Rectangular coordinates, also known as Cartesian coordinates, are a system for defining a point in a plane using two values:

• The x-coordinate (abscissa), representing the horizontal distance from the origin.
• The y-coordinate (ordinate), representing the vertical distance from the origin.

These coordinates are determined from two perpendicular axes: the x-axis and the y-axis, creating a grid system.
Rectangular coordinates offer a straightforward method to specify locations, especially when working with geometric shapes and algebraic equations.
In the original exercise, the equation given is in rectangular form: \(x^2 + y^2 = 25\). This is a familiar equation representing a circle centered at the origin with a radius of 5 units.

To solve many mathematical problems, converting between different coordinate systems is crucial.

• For converting from rectangular to polar coordinates, the key formulas are:
  • x = r \cdot \cos(\theta)
  • y = r \cdot \sin(\theta)
  • x^2 + y^2 = r^2

These equations allow you to switch from x and y coordinates to r and \(\theta\), where \(r\) is the distance from the origin, and \(\theta\) is the angle from the positive x-axis.
In our problem, we replace \(x^2 + y^2\) with \(r^2\), resulting in the simplification \(r^2 = 25\), which is much easier to handle in polar coordinates.
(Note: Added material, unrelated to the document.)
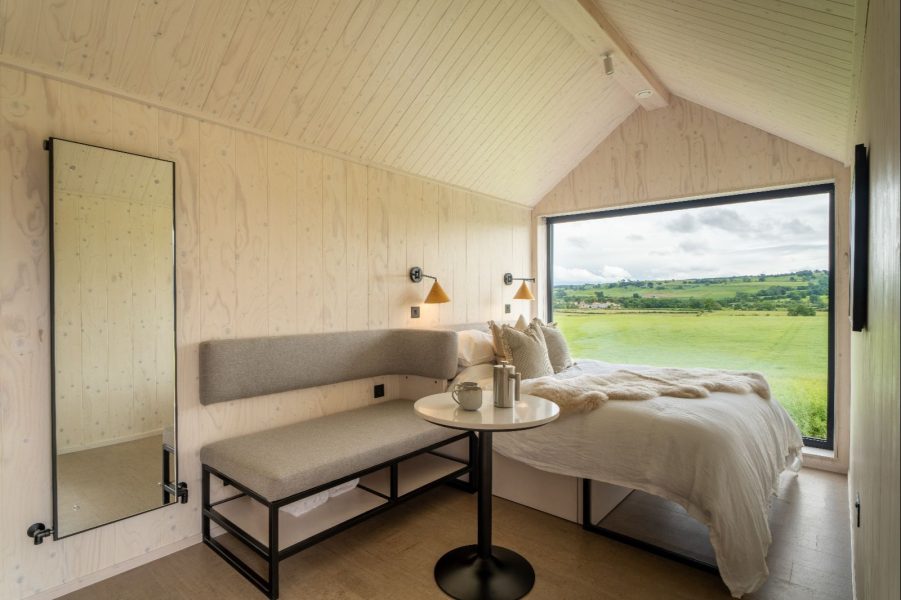 Contemporary lodge interior featuring a king-size bed, seating area and views across the Yorkshire countryside.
Trigonometric substitution is a powerful technique used to simplify equations by introducing trigonometric identities.
It's particularly useful when converting between coordinate systems or when dealing with integrals.
In the context of converting rectangular to polar coordinates, trigonometric identities like \(x = r\cos(\theta)\) and \(y = r\sin(\theta)\) enable you to substitute and rearrange terms efficiently.
By utilizing these identities, the equation \(x^2 + y^2 = 25\) becomes \(r^2 = 25\). This step is crucial in streamlining the problem-solving process, eliminating complex algebraic manipulation, and directly providing the polar equation.

Polar equations describe curves using polar coordinates \((r, \theta)\).

• Each point on the plane is determined by:
  • \(r\), the radius or distance from the origin.
  • \(\theta\), the angle measured counterclockwise from the positive x-axis.

In polar form, our original rectangular equation \(x^2 + y^2 = 25\) transforms into \(r^2 = 25\).
Solving for \(r\), we find \(r = \pm 5\).
This indicates that the graph is a circle with a radius of 5 units in the polar plane, centered at the origin.
Polar coordinates are especially useful for circular and spiral shapes, as they naturally accommodate these forms without needing complex expressions.